# using compressor indoors



## matchley

I have recently bought a 6 gallon air compressor and am wondering if i can use it indoors. the instructions say not to, but that seems like overkill. 

i am putting in flooring on the second floor and need the thing upstairs, or need to buy a super long air hose.

any precautions?

thanks!


----------



## jerryh3

Is there a reason it says not to use it indoors? It probably exceeds the safe noise limits operating in a closed space. Wear ear protection and you should be fine. It is an electric compressor right?


----------



## Sir MixAlot

I'd buy the 100' of hose. Then you can communicate w/ others, listen to the radio, and think clearly while working without the loud noise that an air compressor makes. But if you don't mind the noise and the compressor is electric, then ear plugs should do the trick. :hammer:


----------



## Lansing

First I wear hearing aids and now only have 40% of normal hearing left...I hope you can figure why I told you that...I hear ringing in my ears all the time as well...Not nice believe me...

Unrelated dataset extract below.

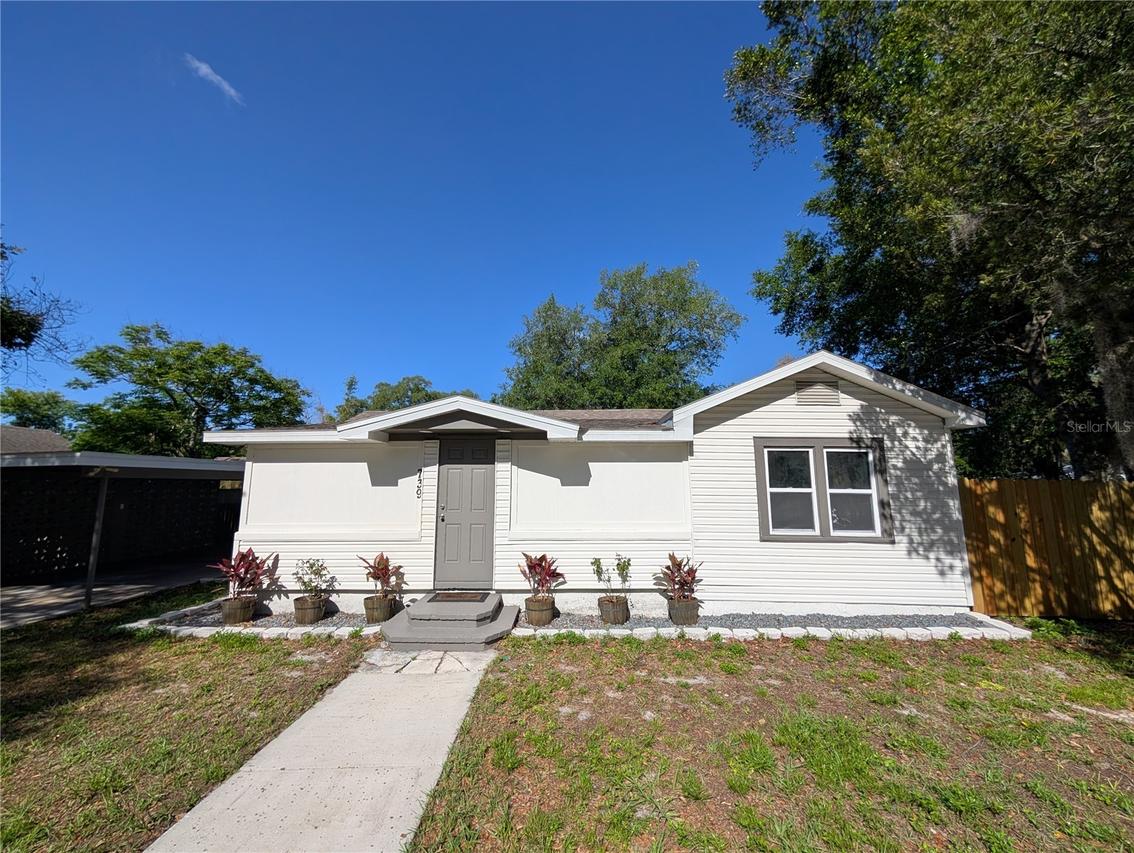 739 Center St., Waverly, FL 33877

If you can't get a hose long enough to come from outside ?? you could put the rig in a room your not using to cut the noise some in the one your working on ...BUT do wear the right hearing protection...I grew up where they were laughed at but now the hearing aids companies are getting rich of this issue...Its Not over kill....


----------



## DangerMouse

be sure to get a longer hose, do NOT go with a long extension cord.

'nuff said

DM


----------



## Lansing

MdangermouseM said:


> be sure to get a longer hose, do NOT go with a long extension cord.
> 
> 'nuff said
> 
> DM


I agree with your answer but could you state the reason why not to use a long cord...


----------



## DangerMouse

compressors have high amps and the longer the cord, the higher the resistance. overheating the cord and screwing up the machine. my old compressor won't even START with an extention cord! it just sits there looking at me all stupid until i plug it in right. (only happened once, but still, i learned.) sorry no explaination before, i was in a hurry.

DM


----------



## Lansing

Thanks for the answer...It makes good sense just as you said...


----------



## Nestor_Kelebay

matchley said:


> I have recently bought a 6 gallon air compressor and am wondering if i can use it indoors. the instructions say not to, but that seems like overkill.
> 
> i am putting in flooring on the second floor and need the thing upstairs, or need to buy a super long air hose.
> 
> any precautions?
> 
> thanks!


When I bought my air compressor, I also purchased two 50 foot air hoses from Costco for about $60. So far, I've only had to use one, and it's too long most of the time. Still, the small cost of two 50 foot air hoses will allow you to keep your compressor in your basement but use compressed air tools anywhere in your house.


----------



## amakarevic

why did you need such a large compressor ?


----------



## Lansing

Was told that its better to buy more air than less when getting a compressor...Whatever the project your needs will be covered...


----------



## duane1982

You can never have enough air. I like to buy compressors that pump to 200 psi and have good scfm. That way I have enough air to run my guns and have enough psi so if I need to use it to take lug nuts off with an impact wrench it has enough oommphff to do it :thumbup:


----------



## MgMopar

amakarevic said:


> why did you need such a large compressor ?


:confused1:
A 6 gallon compressor does not seem very LARGE it would still be very portable and would be able to be plugged into a standard wall outlet. I use compressors for everything from air files, impacts, spray gun to roofing nailers. I haven't used much smaller then a 20 gallon for anything but to fill tires in quite some time. 


Compressors small or large are noisy and ideally should be located away from your work area regardless of size. :yes:


----------